Sual: (Falanca marka kolanın geliri, İslam düşmanı gayrimüslim bir ülkeye gittiği için o kolaya haram fetvası verdik) deniyor. Gayrimüslimlerin hepsi İslamiyet’in düşmanıdır. O zaman hiçbir gayrimüslimin malını almamak mı gerekiyor?
CEVAP
Fetva dedikleri görüş, birkaç yönden yanlıştır:
1- O fetva değil bir görüştür. Şahsi düşüncedir. Günümüzde fetva verecek ehil kimseler yoktur. Sadece verilmiş fetvaları nakledenler vardır. İbni Abidin, dördüncü cilt, üç yüz birinci sahifede, kadılık bahsinde buyuruyor ki:
Fâsık müftünün verdiği fetvalara güvenilmez, çünkü fetva vermek, din işlerindendir. Din işlerinde fâsıkın sözü kabul edilmez. Diğer üç mezhepte de böyledir. Böyle müftülere bir şey sormak caiz değildir. Müftünün Müslüman olması ve akıllı olması da, sözbirliği ile şarttır. Müftü, imam-ı a’zam Ebu Hanife’nin sözüne uygun olarak fetva verir. Aradığını onun sözlerinde açıkça bulamazsa, İmam-ı Ebu Yusuf’un sözünü alır. Onun sözlerinde bulamazsa, İmam-ı Muhammed Şeybani’nin sözünü alır. Ondan sonra İmam-ı Züfer’in, daha sonra Hasan bin Ziyad’ın sözünü alır. Müctehid-i fil-mezhep âlimlerinden Eshab-ı tercih olan müftüler, ictihadlar arasında delilleri kuvvetli olanları seçerler. Müctehid olmayanlar, bunların tercih etmiş oldukları söze uyar. Böyle yapmayan müftülerin sözü kabul edilmez. Demek ki, tercih ehlinin seçmemiş olduğu şeylerde, İmam-ı a'zamın sözünü almak lazımdır. Müftünün müctehid-i fil-mezhep olması lazımdır. Böyle olmayana müftü denilemez, nâkıl, fetvayı iletici denir. Nâkıller fetvaları, meşhur fıkıh kitaplarından alır. (S. Ebediyye)

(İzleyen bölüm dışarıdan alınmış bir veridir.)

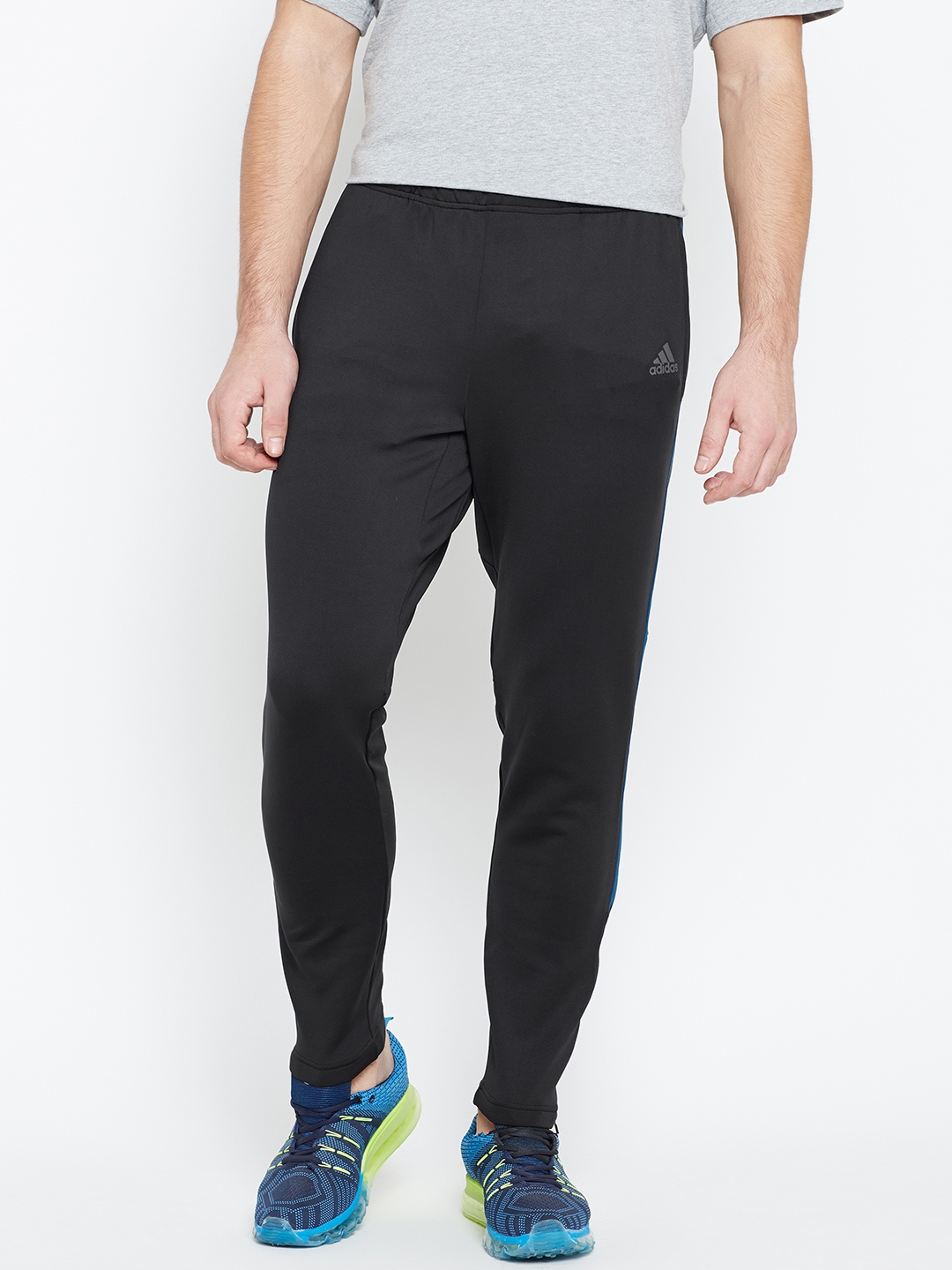 track pants on myntra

Behcet-ül-fetâvâ gibi kıymetli kitaplar bile, fetva kitapları değil, fetvaları nakleden, ulaştıran kitaplardır. Bunları yazanlar müftü değil, birer nâkıl ve toplayıcıdır. Fetva verenin, yani müftünün müctehid olması lâzımdır. Bir kimse fetva verdim diyorsa, müctehid olduğunu iddia ediyor demektir. Yusuf Nebhani hazretleri, (Bugün müctehidlik taslayanın, aklı veya dini noksandır) buyurmuştur. Aklı veya dini noksan olanın da fetva dediği görüşüne itibar edilmez.

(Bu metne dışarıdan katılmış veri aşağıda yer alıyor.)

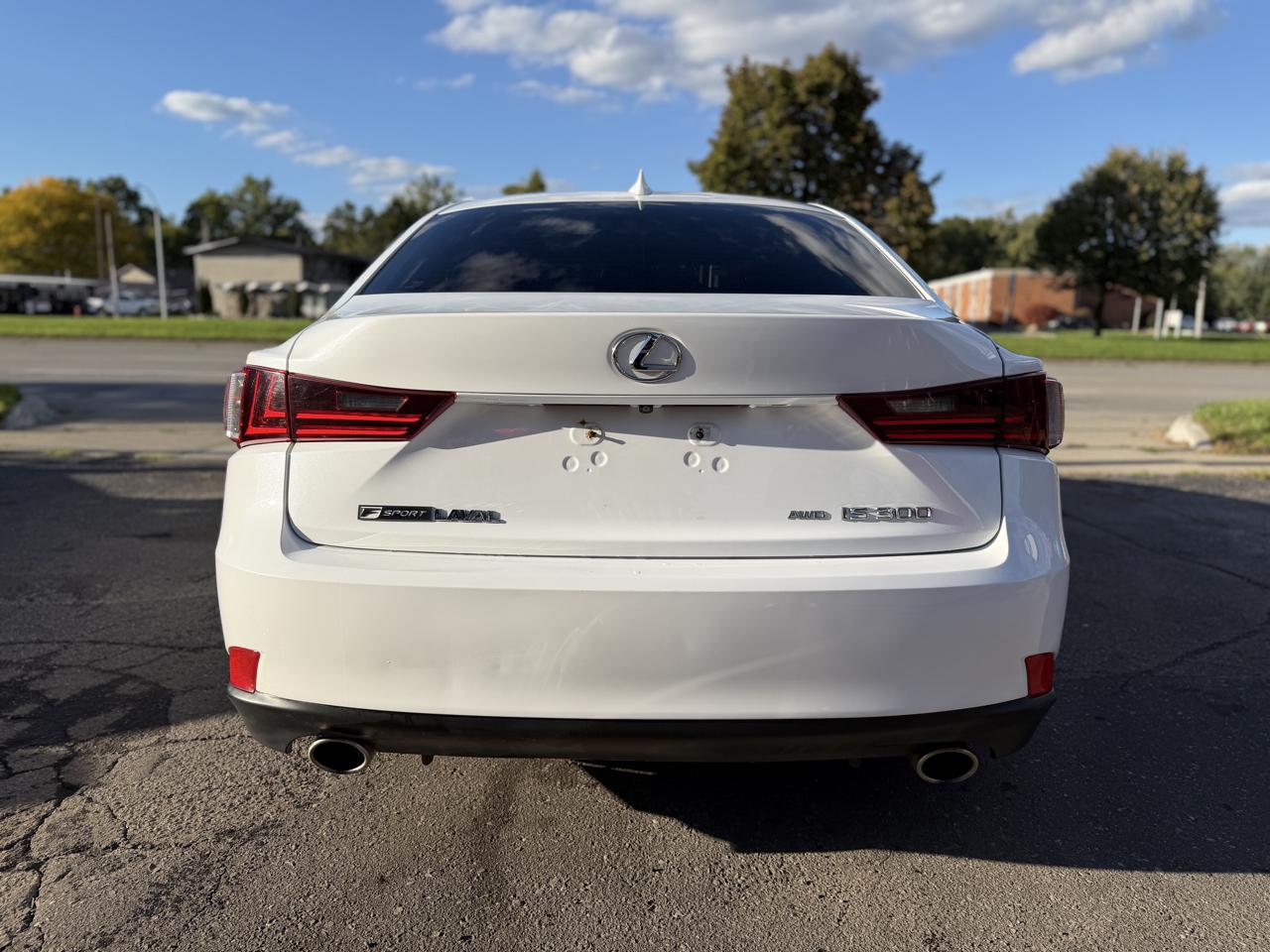 Lexus IS 300 AWD 2016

2- Gayrimüslim demek müslüman olmayan demektir. Bunlar elbette İslâmiyet'e düşman olur. Bunlarla alış veriş yapılmaz mı? Peygamber efendimiz ve Eshab-ı kiram, her çeşit alış veriş yapmışlardır.
3- Esas İslâmiyet'e düşman olan mürtetlerdir. Din düşmanı yerli mürtetlerle alış verişi normal görüp de Ehl-i kitap olan gayrimüslimlerle alış verişi caiz görmemek çok yanlıştır. Müslüman şirketlerin mallarını yeşil sermayeye paramız gitmesin diye almayan mürtetleri, gayrimüslimden hafif görmek çok tuhaftır. Bu yanlış görüşe fetva demek de, daha tuhaftır.